Ele acrescentou que a adaptação de uma população depende de quão recentemente seu ambiente mudou.

“Em qualquer momento em que observamos uma população natural, dependendo de quando foi a última vez que o ambiente sofreu uma grande mudança, a população pode estar muito mal adaptada ou pode estar relativamente bem adaptada. Mas provavelmente nunca veremos qualquer população que esteja totalmente adaptada ao seu ambiente, porque uma adaptação completa levaria mais tempo do que quase qualquer ambiente natural pode permanecer constante.”

Como os cientistas estudaram mutações benéficas

A Teoria Neutra da Evolução Molecular foi introduzida na década de 1960, quando os avanços no sequenciamento de proteínas e genes permitiram aos cientistas estudar a evolução no nível molecular, em vez de focar apenas em características físicas como forma e estrutura.

Para medir a frequência com que ocorrem mutações benéficas, Zhang e sua equipe analisaram grandes conjuntos de dados de varredura mutacional profunda gerados por seu próprio laboratório e outros. Nestas experiências, os investigadores criaram deliberadamente muitas mutações diferentes dentro de um único gene ou secção do genoma em organismos como leveduras e E. coli.

Eles então rastrearam esses organismos ao longo de muitas gerações e compararam seu crescimento com o tipo selvagem, ou a forma mais comum encontrada na natureza. Ao medir as diferenças de crescimento, os investigadores puderam estimar se uma mutação ajudou ou prejudicou o organismo.

Os resultados mostraram que mais de 1% das mutações foram benéficas. Essa taxa é muito maior do que o previsto pela Teoria Neutra. Se todas essas mutações úteis fossem corrigidas, quase todas as alterações genéticas seriam benéficas e a evolução prosseguiria muito mais rapidamente do que aquilo que os cientistas realmente observam. Essa constatação levou a equipe a questionar a suposição de que os ambientes permanecem constantes ao longo do tempo.

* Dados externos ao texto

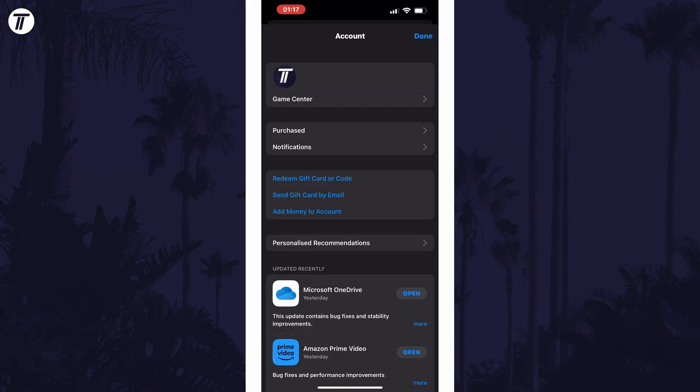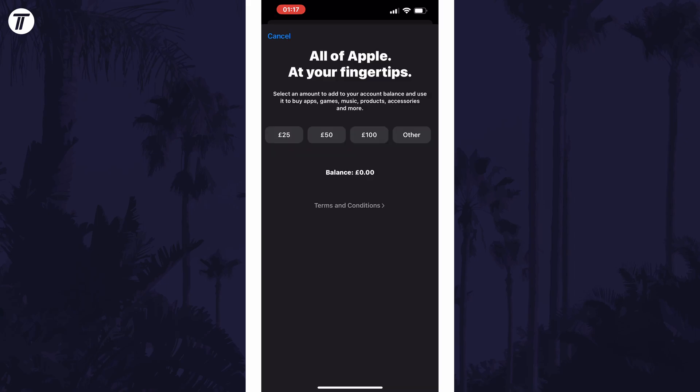On this page, tap on the option called Add Money to Account. When this page loads, it allows you to add money but should display your current balance in the centre of the screen.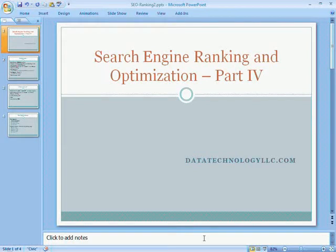Hi and welcome back to this video on search engine ranking and optimization. This is being brought to you by datatechnologyloc.com.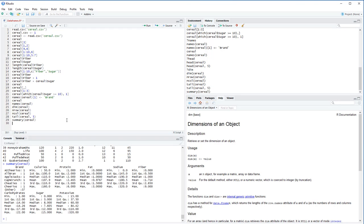Now let's get into more utility functions. summary(cereal) gives a lot of good information. We can mostly ignore the brand column — since it's a character vector, summary doesn't format it nicely. But for the numeric columns, we get minimum, first quartile (25th percentile), median (50th percentile), mean, third quartile (75th percentile), and max. This is a really quick way to get summary statistics from an entire data frame.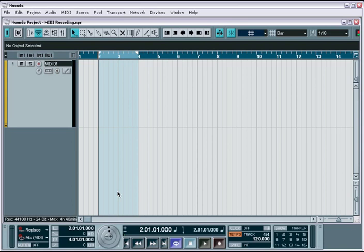Now that we have our MIDI environment set up within Nuendo, we can begin making use of its extensive and powerful MIDI recording capabilities. Many of the features we have discussed about the various recording modes and all the transport recording functions are exactly the same when dealing with recording MIDI into Nuendo. This makes it very easy to work seamlessly between the two environments. If you know one, you'll know the other.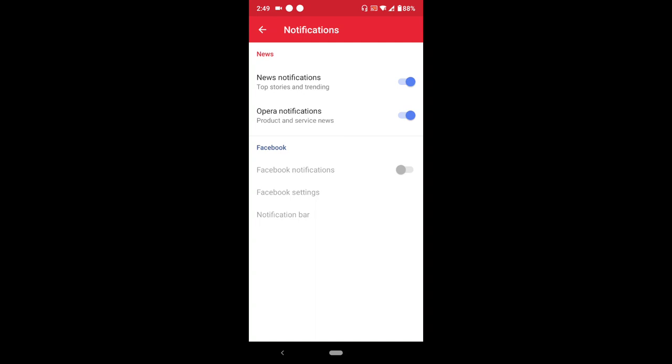In order to disable notifications on Opera Mini, all you have to do is check which notification you want to disable. For news notifications, you can disable this. For Opera notifications, you can disable this. And if you've logged into Facebook and you are getting a lot of Facebook notifications and you want to disable it on the Opera Mini browser, you select this.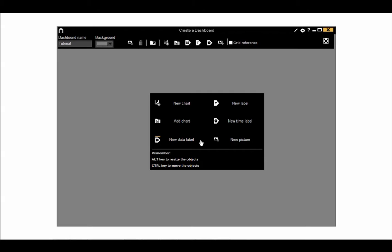These first three options work with the categories, descriptors and groups from your template and analysis to present you with useful data. You can also add in a custom text label, a time label which shows you the video time at any moment, and also an independent picture.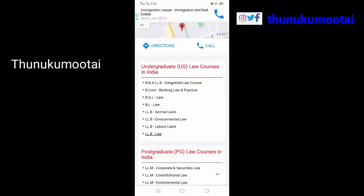UG degree courses include: BBA LLB Integrated Law Course, BCOM BL Banking Law Practice, BGL LA BL, LA LLB Environmental Law, LLB Labor Law, and LLB LA.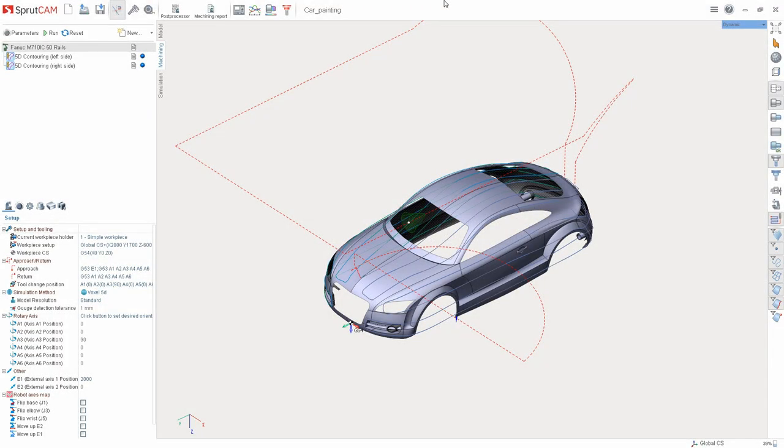Hello! In this video we'll demonstrate the painting simulation in SpritCAM 12. As an example, we will see the car painting project located in the examples folder.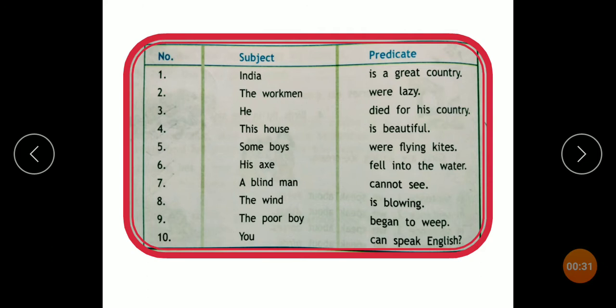See, already the answers are given, so you have to match them.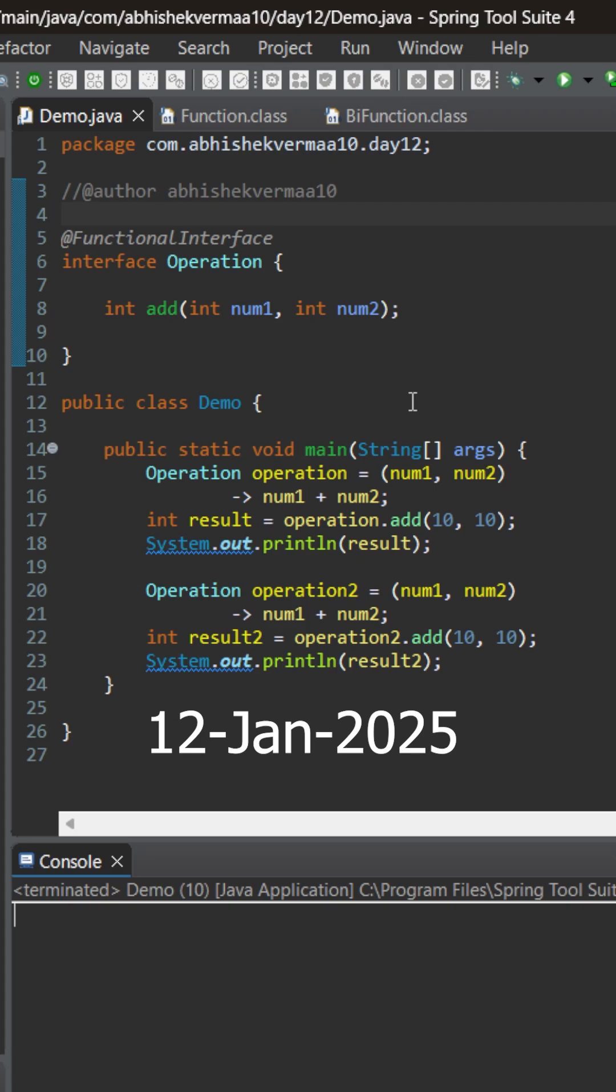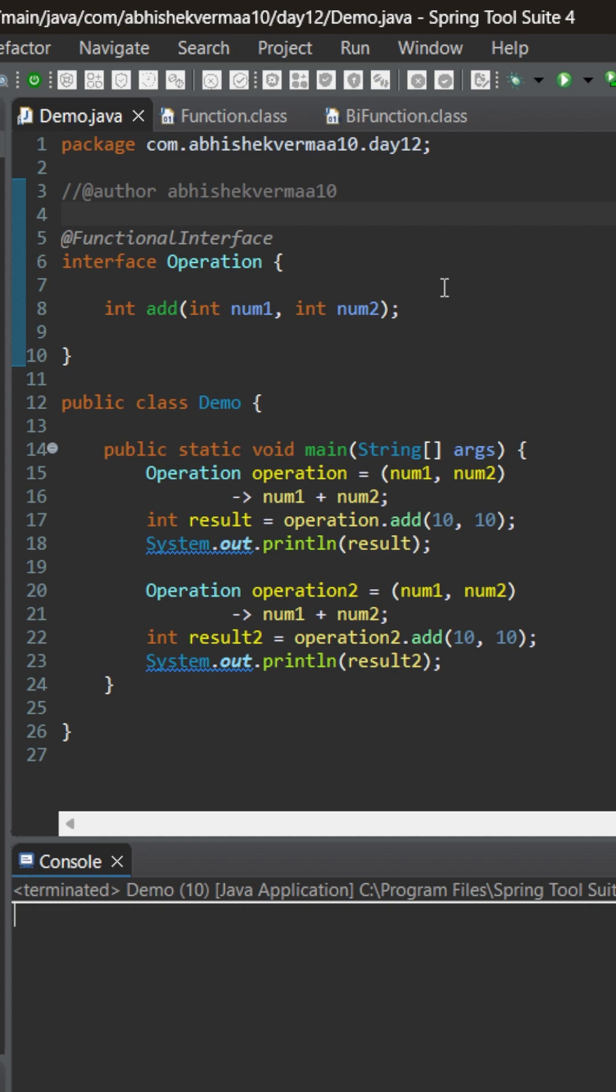Today let's see if Java provides a default functional interface to replace our custom functional interface. Currently we have a custom functional interface operation which contains an abstract method add. This method accepts two arguments and returns something. This is how we have implemented it with the help of lambda expression.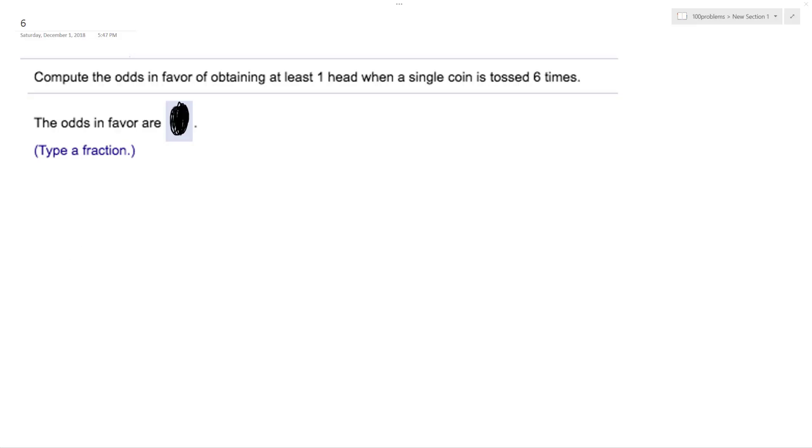All right, so we want to compute the odds in favor of obtaining at least one head when a single coin is tossed six times.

Testando a evolução em ambientes em mudança

Para explorar os efeitos das mudanças ambientais, os pesquisadores estudaram dois grupos de leveduras. Um grupo evoluiu num ambiente estável durante 800 gerações (cada geração durou 3 horas). O segundo grupo evoluiu durante o mesmo número de gerações, mas num ambiente em mudança composto por 10 tipos diferentes de meios de comunicação, ou soluções de crescimento. Cada meio foi usado por 80 gerações antes de mudar para o próximo.

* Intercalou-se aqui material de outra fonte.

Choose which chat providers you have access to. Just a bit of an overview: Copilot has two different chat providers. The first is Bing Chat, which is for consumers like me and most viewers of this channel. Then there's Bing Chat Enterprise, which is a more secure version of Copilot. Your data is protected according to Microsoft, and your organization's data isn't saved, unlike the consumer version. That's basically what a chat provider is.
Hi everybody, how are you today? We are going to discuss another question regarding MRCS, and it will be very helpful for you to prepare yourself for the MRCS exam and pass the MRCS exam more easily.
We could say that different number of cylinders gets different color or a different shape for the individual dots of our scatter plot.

A levedura exposta a condições variáveis ​​mostrou muito menos mutações benéficas se estabelecendo do que aquelas no ambiente estável. Mesmo quando surgiram mutações vantajosas, raramente duraram o suficiente para se espalharem antes que as condições mudassem novamente.

“É daí que vem a inconsistência. Embora observemos muitas mutações benéficas em um determinado ambiente, essas mutações benéficas não têm chance de serem corrigidas porque à medida que sua frequência aumenta até um certo nível, o ambiente muda”, disse Zhang. “Essas mutações benéficas no antigo ambiente podem tornar-se deletérias no novo ambiente”.

Limites e Próximos Passos

Zhang alertou que o estudo se concentrou em leveduras e E. coli, organismos unicelulares onde os efeitos das mutações são mais fáceis de medir. Serão necessários dados de organismos multicelulares para determinar se os mesmos padrões se aplicam a vidas mais complexas, incluindo os humanos.

A equipa de investigação está agora a planear estudos de acompanhamento para compreender melhor porque é que demora tanto tempo para os organismos se adaptarem totalmente, mesmo quando as condições ambientais permanecem estáveis.

Outros autores do estudo incluem os antigos estudantes de pós-graduação da UM, Siliang Song e Xukang Shen, e o antigo investigador de pós-doutoramento da UM, Piaopiao Chen.